昭和61年にヨーロッパ(スペイン)で大規模なプラント建設工事に、現場責任者(サイトマネジャー)として携わりました。
現地企業2社、日本2社のコンソーシアム契約で、受注から22ヶ月での生産開始という世界記録の最短記録の工事でした。
日本では考えられない事態が発生したのは、工事も完了し試運転が佳境に入っていたときでした。
ドイツ製の機械を一部組み込んだ製造設備だったのですが、その機械の調整員が、約束の日が来たので韓国に行かなければならない、と言い出したのです。

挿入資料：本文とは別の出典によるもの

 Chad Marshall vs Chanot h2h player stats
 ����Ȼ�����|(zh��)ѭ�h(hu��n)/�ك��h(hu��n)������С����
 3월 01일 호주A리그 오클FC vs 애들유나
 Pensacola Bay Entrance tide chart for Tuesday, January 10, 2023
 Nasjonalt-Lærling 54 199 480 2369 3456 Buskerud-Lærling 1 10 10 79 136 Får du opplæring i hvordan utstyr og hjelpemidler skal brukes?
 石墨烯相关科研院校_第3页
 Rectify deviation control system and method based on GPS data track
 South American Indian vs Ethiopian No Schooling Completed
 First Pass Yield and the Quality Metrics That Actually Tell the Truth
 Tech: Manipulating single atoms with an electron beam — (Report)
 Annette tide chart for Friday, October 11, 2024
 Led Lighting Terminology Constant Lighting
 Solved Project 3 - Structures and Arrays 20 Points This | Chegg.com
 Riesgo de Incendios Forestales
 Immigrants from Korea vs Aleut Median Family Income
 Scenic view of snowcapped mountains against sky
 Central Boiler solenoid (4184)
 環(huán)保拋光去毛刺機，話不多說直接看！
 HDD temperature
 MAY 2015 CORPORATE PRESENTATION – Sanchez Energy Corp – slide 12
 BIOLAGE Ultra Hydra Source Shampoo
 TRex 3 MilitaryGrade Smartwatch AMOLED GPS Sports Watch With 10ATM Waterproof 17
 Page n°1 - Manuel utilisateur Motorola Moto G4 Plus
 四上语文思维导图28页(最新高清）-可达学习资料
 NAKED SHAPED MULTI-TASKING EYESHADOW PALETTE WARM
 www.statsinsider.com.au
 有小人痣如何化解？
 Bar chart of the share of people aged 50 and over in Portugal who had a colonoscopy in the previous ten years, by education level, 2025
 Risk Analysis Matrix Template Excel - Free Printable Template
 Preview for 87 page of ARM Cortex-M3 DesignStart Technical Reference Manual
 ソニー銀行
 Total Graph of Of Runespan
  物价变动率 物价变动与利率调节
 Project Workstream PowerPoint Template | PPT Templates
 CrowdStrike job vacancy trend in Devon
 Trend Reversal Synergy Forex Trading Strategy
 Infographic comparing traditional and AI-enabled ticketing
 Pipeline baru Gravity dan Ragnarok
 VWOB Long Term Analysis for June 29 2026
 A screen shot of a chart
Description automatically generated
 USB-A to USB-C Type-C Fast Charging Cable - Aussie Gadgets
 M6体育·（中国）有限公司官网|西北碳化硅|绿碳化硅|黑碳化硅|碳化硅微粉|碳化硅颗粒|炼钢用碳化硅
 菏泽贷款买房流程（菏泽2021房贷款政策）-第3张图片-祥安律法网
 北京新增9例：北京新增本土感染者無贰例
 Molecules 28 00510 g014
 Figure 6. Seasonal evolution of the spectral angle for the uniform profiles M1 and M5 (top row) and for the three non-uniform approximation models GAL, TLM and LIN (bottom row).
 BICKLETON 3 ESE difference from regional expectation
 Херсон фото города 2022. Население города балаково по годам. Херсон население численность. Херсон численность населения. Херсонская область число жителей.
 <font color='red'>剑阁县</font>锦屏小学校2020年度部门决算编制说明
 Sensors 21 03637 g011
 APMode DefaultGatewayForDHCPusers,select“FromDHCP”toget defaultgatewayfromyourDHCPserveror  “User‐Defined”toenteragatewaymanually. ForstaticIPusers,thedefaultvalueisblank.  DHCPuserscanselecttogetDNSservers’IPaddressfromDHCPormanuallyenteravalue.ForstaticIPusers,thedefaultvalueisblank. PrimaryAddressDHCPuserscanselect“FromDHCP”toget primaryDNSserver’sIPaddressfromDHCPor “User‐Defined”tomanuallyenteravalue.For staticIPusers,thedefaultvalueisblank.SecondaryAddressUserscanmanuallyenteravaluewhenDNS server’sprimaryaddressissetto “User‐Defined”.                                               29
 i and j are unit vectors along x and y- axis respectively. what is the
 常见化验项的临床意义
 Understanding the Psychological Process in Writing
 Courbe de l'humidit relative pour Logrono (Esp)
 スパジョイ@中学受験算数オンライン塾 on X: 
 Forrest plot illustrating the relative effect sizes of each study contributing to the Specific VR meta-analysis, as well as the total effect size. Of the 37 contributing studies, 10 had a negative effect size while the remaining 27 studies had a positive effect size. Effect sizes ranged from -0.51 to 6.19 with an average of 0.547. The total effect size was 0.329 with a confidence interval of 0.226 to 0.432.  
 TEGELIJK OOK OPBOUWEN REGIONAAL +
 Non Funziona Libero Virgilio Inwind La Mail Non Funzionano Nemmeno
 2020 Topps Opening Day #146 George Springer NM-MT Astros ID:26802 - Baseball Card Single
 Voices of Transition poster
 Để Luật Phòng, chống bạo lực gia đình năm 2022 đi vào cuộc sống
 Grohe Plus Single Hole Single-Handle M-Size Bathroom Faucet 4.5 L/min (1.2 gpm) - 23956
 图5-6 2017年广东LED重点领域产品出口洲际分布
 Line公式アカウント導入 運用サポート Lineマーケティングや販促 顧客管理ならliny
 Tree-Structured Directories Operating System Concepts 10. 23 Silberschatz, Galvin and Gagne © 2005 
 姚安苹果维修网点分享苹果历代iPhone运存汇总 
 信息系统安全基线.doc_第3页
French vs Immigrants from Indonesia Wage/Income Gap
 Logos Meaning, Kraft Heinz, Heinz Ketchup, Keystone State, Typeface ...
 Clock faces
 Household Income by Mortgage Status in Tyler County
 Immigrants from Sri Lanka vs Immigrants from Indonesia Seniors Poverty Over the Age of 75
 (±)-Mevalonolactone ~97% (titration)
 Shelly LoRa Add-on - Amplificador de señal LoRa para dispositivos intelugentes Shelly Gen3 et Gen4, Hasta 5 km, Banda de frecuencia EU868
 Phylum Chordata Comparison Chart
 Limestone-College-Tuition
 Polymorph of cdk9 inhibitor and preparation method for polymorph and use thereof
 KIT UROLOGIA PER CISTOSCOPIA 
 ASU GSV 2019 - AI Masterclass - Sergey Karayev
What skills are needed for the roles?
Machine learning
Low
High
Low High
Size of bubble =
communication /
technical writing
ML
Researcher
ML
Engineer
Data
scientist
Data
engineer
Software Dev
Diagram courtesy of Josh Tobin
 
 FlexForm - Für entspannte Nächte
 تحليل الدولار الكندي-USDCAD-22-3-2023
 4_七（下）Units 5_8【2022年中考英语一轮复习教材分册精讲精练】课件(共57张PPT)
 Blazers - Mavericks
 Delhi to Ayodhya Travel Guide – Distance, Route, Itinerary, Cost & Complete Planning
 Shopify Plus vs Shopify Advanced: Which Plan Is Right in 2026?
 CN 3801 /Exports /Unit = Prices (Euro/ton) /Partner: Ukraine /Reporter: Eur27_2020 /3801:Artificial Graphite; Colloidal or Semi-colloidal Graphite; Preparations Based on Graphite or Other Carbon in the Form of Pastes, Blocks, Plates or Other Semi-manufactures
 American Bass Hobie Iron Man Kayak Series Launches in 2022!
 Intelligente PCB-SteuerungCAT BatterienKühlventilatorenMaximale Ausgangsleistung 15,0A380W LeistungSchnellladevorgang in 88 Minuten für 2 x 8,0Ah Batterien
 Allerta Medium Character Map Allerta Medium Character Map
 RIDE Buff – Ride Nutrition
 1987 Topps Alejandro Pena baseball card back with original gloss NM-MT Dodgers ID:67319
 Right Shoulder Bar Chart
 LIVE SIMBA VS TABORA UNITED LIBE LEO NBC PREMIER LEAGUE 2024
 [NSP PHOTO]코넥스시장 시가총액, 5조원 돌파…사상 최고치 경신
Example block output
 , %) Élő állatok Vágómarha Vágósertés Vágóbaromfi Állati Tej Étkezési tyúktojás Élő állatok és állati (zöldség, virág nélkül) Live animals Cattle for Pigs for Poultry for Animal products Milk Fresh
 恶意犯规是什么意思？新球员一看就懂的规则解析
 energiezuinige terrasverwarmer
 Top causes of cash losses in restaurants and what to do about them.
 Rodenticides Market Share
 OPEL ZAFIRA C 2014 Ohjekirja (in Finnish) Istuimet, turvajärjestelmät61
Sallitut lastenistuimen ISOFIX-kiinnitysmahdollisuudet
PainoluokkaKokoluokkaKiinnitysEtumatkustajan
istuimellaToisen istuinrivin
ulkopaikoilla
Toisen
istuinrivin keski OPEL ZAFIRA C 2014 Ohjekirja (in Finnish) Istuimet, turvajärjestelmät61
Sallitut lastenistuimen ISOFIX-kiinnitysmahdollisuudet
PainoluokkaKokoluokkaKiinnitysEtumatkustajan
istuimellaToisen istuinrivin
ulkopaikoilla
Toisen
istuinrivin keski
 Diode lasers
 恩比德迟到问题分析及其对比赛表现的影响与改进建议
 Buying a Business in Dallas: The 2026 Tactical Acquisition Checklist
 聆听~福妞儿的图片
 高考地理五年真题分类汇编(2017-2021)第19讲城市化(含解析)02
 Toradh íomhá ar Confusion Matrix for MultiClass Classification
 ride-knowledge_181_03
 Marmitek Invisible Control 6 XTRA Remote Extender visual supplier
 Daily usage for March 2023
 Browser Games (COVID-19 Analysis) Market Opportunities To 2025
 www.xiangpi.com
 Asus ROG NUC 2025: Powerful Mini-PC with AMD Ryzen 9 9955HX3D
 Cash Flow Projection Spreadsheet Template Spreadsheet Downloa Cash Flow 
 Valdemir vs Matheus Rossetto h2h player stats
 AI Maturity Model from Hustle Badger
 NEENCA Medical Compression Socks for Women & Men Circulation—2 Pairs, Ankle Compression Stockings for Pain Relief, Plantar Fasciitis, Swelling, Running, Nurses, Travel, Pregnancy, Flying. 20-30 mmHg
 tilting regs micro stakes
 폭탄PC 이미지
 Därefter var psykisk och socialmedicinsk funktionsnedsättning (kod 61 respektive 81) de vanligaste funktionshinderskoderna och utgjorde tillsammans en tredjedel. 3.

確かに当初の計画からは10日程度遅れていたのですが、こちらがその業務が止まれば全部のスケジュールが遅れてまいます。総勢50名程度が待ちになってしまうのです。
当然、我々は期間の延長か代理人の派遣をドイツに要請しましたが、何度交渉しても都合が付かない。
結局試運転のスケジュールを全面的に組み替えるはめに。
日本であれば(ほら、すぐこんな発想になるんです、日本人は)現場の調整員が一所懸命本社を説得して現地が止まらないように工夫してくれますし、本社も要請に応えようと努力します。
しかし、ドイツ本社は、『契約通り』の一点張り。現場の調整員にも何の調整権限もなく、淡々とさよなら、またね。
一方日本人である我々は、それでもスケジュールがくれないよう、スケジュールを組み替える、お客様のために。
これって、いい面と悪い面がありますよね。
いい面:
これが日本の今はやりの『おもてなしの心』『お客様満足』なんでしょうか?
悪い面:
金銭的にも、精神的にも相当損をする。お客様のミスを補ってなったばっかりに、逆に責任までかぶる。行為でやってやった事をアピールできない、追加コストが発生しても、回収できない。
そしてお客様がやるべきことをやらないおかげで、お客様もメーカーも不幸になる。つまりLose-Loseの完成。
私の知っている限り、ほとんどの現場でこの現象が発生しているようです。
まさにマネジメント力の低さ!
日本が国際化するには、このような事のマネジメント力が必要なんですけどねえ。
この対応方法についてはまた別の機会に。